Misty is grown up now and in fact has a daughter nearly the same age that she was when her mother brought her to a Kerr County pediatric clinic in September of 1982.

"Genene said go out and we'll start the IV," Reichenau said. "I said, no. I stay with my kids, I'll be fine."

She said her daughter went limp immediately after Jones started the IV.

"I screamed, there's something wrong; you gotta get something going," Reichenau said. "Genene said, you get out of here. I said, no; still not leaving."

She remembers watching as Misty went into respiratory arrest just before she was rushed to Kerrville's Sid Peterson Memorial Hospital and then subsequently airlifted to Bexar County Hospital.

"We spent five days in the ICU at Bexar County of them running every test in the world on Misty, saying there's nothing wrong with her," Reichenau said.

Her assumption is that Jones injected her daughter with succinylcholine, a drug used to induce short term paralysis that can lead to cardiac arrest.

News 4 reached out to Jones directly to request an interview.

She did not respond, and to this day, Jones has never admitted to anything.

It would later be revealed that Jones injected 15 month old Chelsea McClellan with succinylcholine in the same pediatric clinic when she came in for routine vaccines.

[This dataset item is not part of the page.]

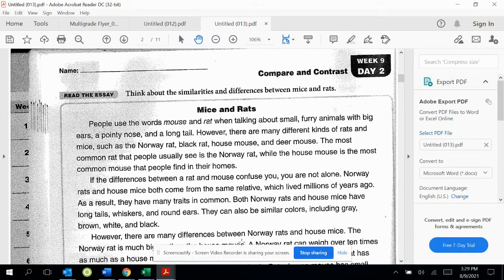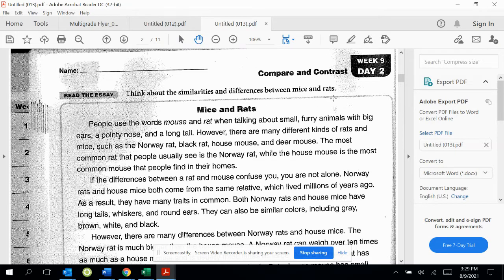Today is week nine, day two. Our reading strategy is compare and contrast. Compare and contrast means to think about the similarities and differences, and on this page we're going to do that between mice and rats.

This would be the only baby death Jones was convicted on, but it wasn't the only one she was accused of.

Prior to working in Kerr County, she worked in the pediatric intensive care unit at Bexar County Hospital.

"They had already figured out that a lot of babies were getting sick on Genene's shift and by sick, I mean critically sick, like dying," Reichenau said.

It came to be known by some as the "death shift."

"This is a true evil, wicked lady that 30 something years behind bars does not rehabilitate," Misty said.

"I hate her," Reichenau said. "I hate what she is. I hate what she stands for and I hate what she did."

Misty and her mom aren't alone in their hope that new evidence will surface.

"We're actively looking at evidence to see if we can charge her with another offense, and the hope would be another conviction, more jail time," said Bexar County District Attorney Nico LaHood. "The hope, for me, would be that she meets the Lord from prison."

LaHood said his office is already investigating and he makes it clear, he thinks Jones is guilty of murdering other babies.

"I think she needs to be held accountable," LaHood said. "I'm going to do everything in my power ethically and legally, to make that happen."

Jones was charged with the deaths of six babies, but is thought to have been linked to nearly 40.